The San Antonio company is adding voice recognition to its iPhone app in four states on March 5, followed by a full rollout to all members on April 5. The Siri-like feature, called Virtual Mobile Assistant, will broaden the ways in which members can communicate what they want to do through the mobile banking app while allowing USAA to make mobile banking appealing to a broader range of customers.
USAA offers insurance, banking, investment and retirement products and services to more than 9.4 million members of the U.S. military and their families.
At 2012's end, the USAA iPhone app had been downloaded more than 2.25 million times.
USAA, which has a strong reputation for innovating faster than other financial firms, will launch the first generation of voice assistance with support of more than 200 navigational commands, including allowing members to speak or type queries related to fund transfers, bill payment and answering questions like: what's my balance?
"We are really excited about the possibilities," Neff Hudson, assistant vice president of emerging channels, tells BTN. "We're confident that our membership will share in the [enthusiasm] and we're equally sure they'll want more. …Once you commit to a platform like this, you have got to commit to making it better. We can't celebrate too much."

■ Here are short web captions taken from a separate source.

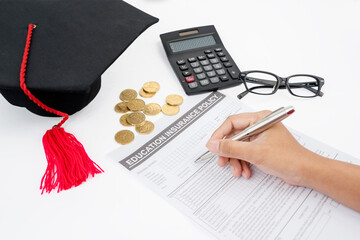 Male student filling an education insurance policy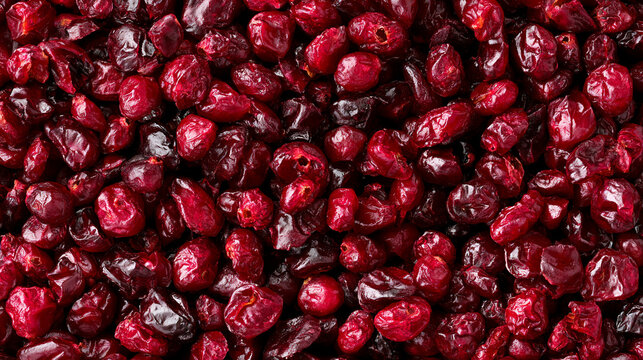 Closeup of dried cranberries background top view of a pile of red dried berries healthy food ingredient, organic snack, vegan food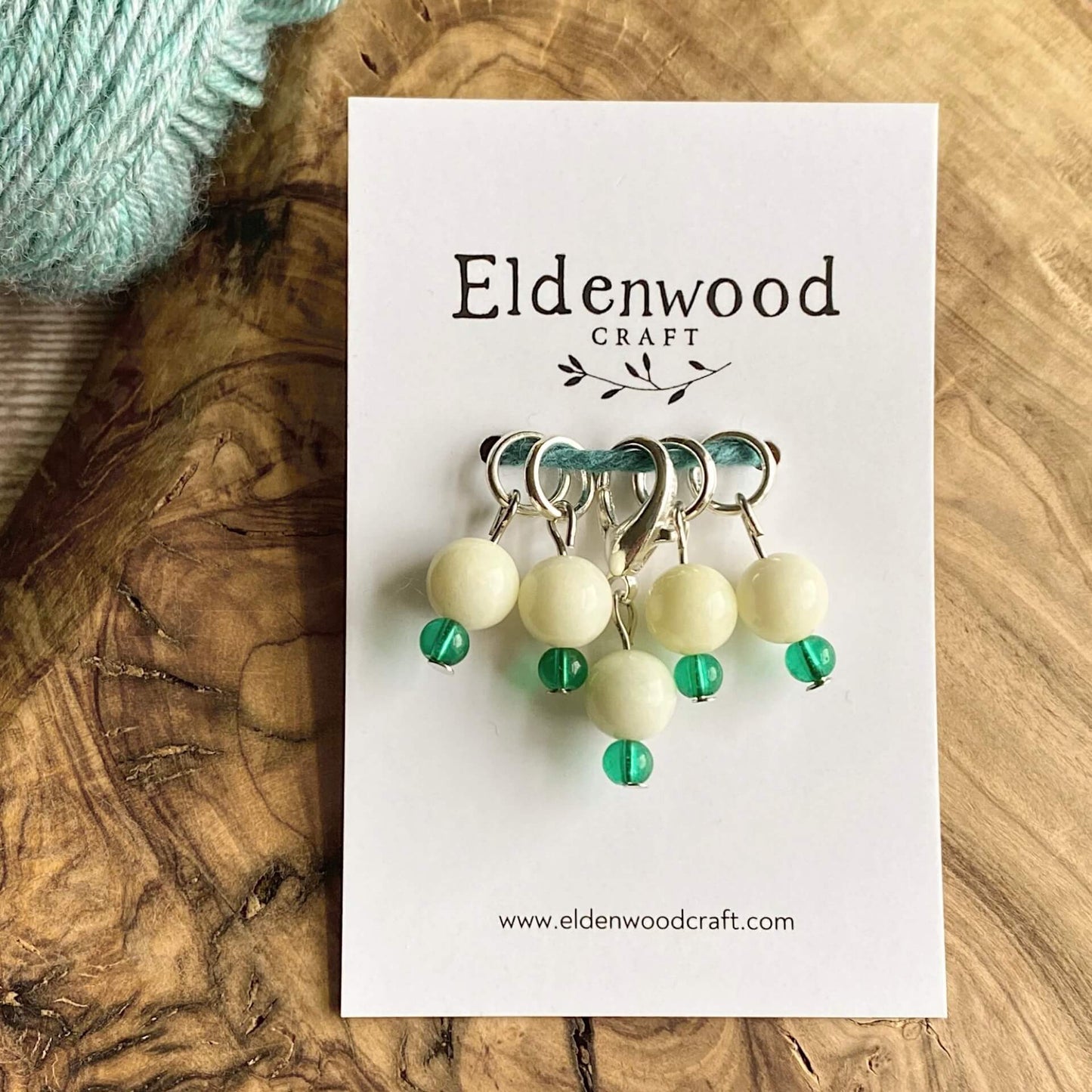A set of four hand made stitch markers and one progress keeper, each designed to represent a snowdrop, sit on a wooden block on a table top, attached to a white Eldenwood Craft card. Just appearing in view is a skein of pale blue yarn. 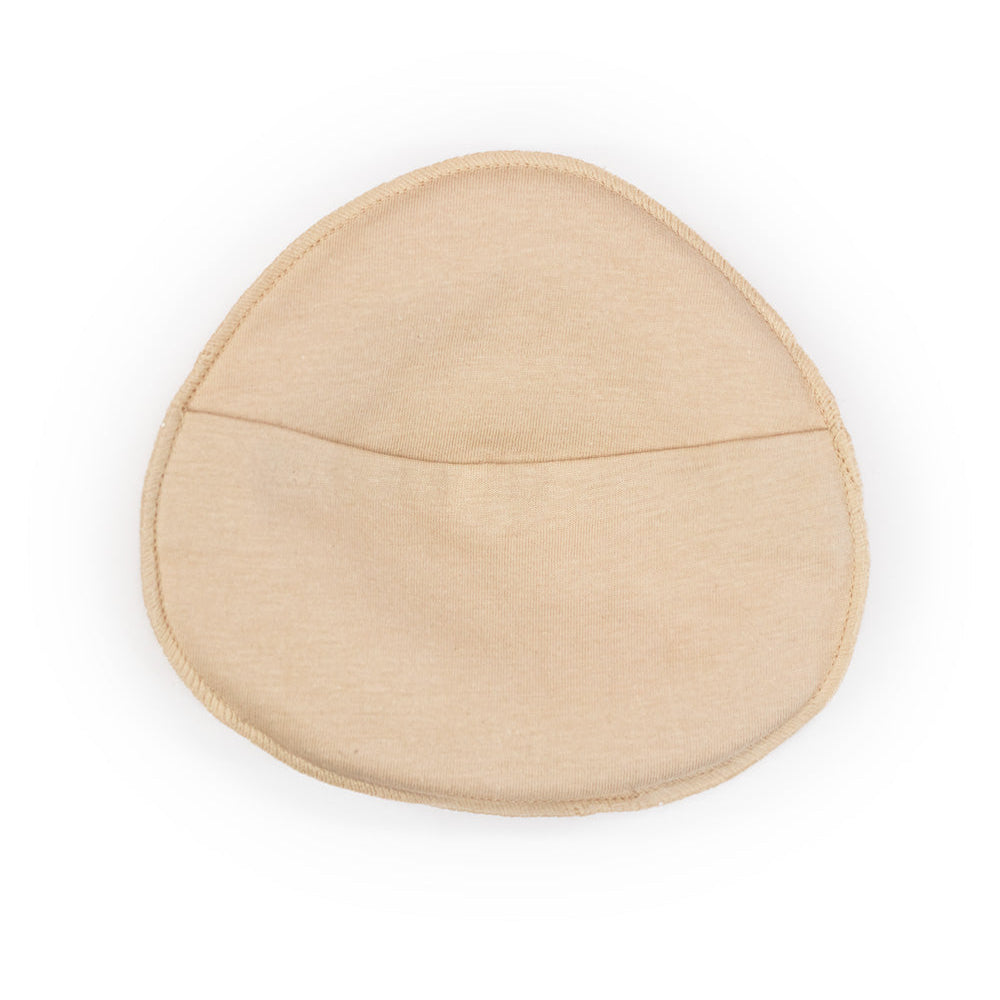 Beige breast form cover with soft padding smooth fabric finish and subtle seam detail for natural shape enhancement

The innovation, which will get front and center real estate within USAA's iPhone app, is designed to require fewer steps to complete financial tasks, like bill pay, than typed answers.
Powering the forthcoming capability is Nuance Communication Inc.'s virtual assistant Nina, which combines Nuance's speech recognition, text-to-speech, voice biometrics and natural language understanding technology.

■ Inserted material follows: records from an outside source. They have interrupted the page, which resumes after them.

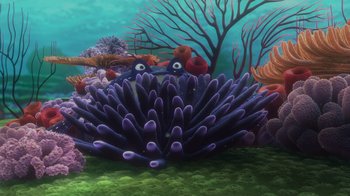 Movie still from “Finding Nemo” (2003), directed by Andrew Stanton – An underwater scene with a purple sea anemone and a coral; Wide shot, High angle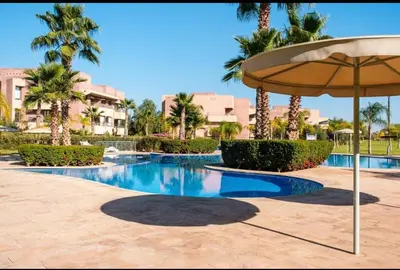 a swimming pool with an umbrella and palm trees at Appartement 2 chambres a PRESTIGIA piscine in Marrakech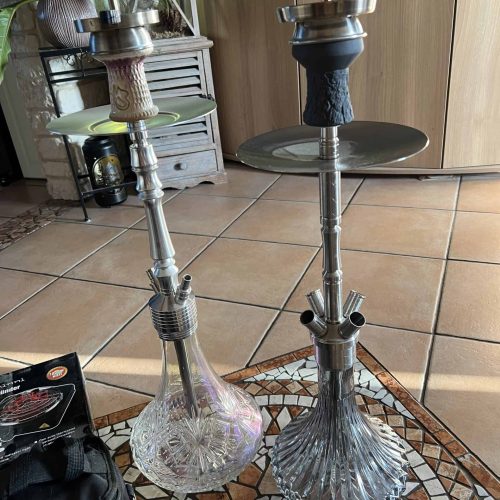 Zwei Shishas mit Glasbasis und Metallrohren, bereit für den Gebrauch.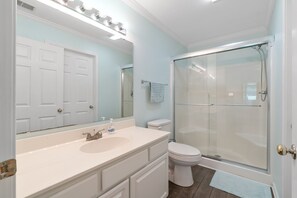 Bathtub, hair dryer, towels, soap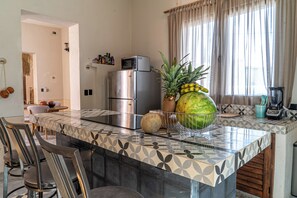 Fridge, microwave, stovetop, coffee/tea maker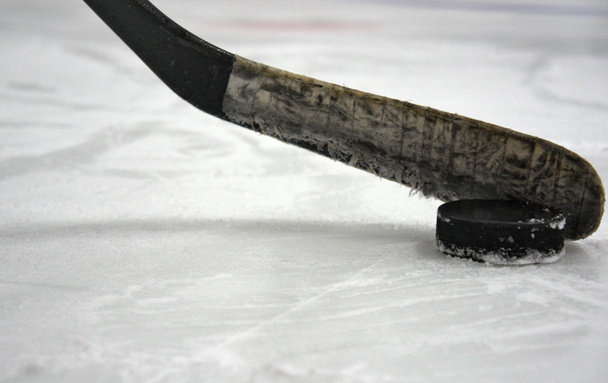 hockey stick with puck in the stadium - Photo, Image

Beyond identifying Nuance as a leader in the natural language space, Hudson says USAA chose the provider because it shared a partner, Yodlee, a personal finance management (PFM) provider based in Redwood, Calif. USAA also already used Nuance technology in its interactive voice response system.
Beyond improving the customer experience, USAA expects Virtual Mobile Assistant to help USAA serve a broader population through the mobile channel. "Voice opens [mobile banking] up to a whole new group of people," Hudson says.
That list includes: members who are reticent to tap their way through financial tasks (perhaps due to fat fingers), the elderly and those with disabilities, says Hudson.
Though Hudson anticipates that some industry players are soon going live with voice biometrics to authenticate customers, USAA won't be first out of the gate. "We won't rush that. …We're looking at a mixed model," says Hudson. "Ultimately, voice will play a role in authentication."
In debuting voice assistance, USAA is blazing ahead of the financial services industry pack, with only a few publically known exceptions.
Investing giant e*Trade Financial Corp. has included voice recognition technology in its mobile application since 2012, while BBVA has been experimenting with voice technology, too. Meanwhile, Fiserv teased a voice command technology within mobile banking as a proof of concept at a a fintech innovation conference held last autumn in New York.
"Implementing voice will become a hotly contested space," Hudson says.
The forthcoming iPhone app enhancement underscores how USAA continues to champion unique capabilities of smartphones by devoting product innovation to a channel it believes will outpace website penetration in the next three to five years. Currently, 50% of the membership regularly uses the website today, while about 25% of its membership uses mobile devices for everyday financial activities, like viewing deposit and credit card account details, transferring funds, depositing checks and paying bills.
"We are intrigued by how big [mobile] will get," Hudson says.
Indeed, USAA recently announced more than 5.2 million members had downloaded its mobile apps for iPhone, Android and iPad by 2012's end. That compares to 3.3 million downloads at 2011's end.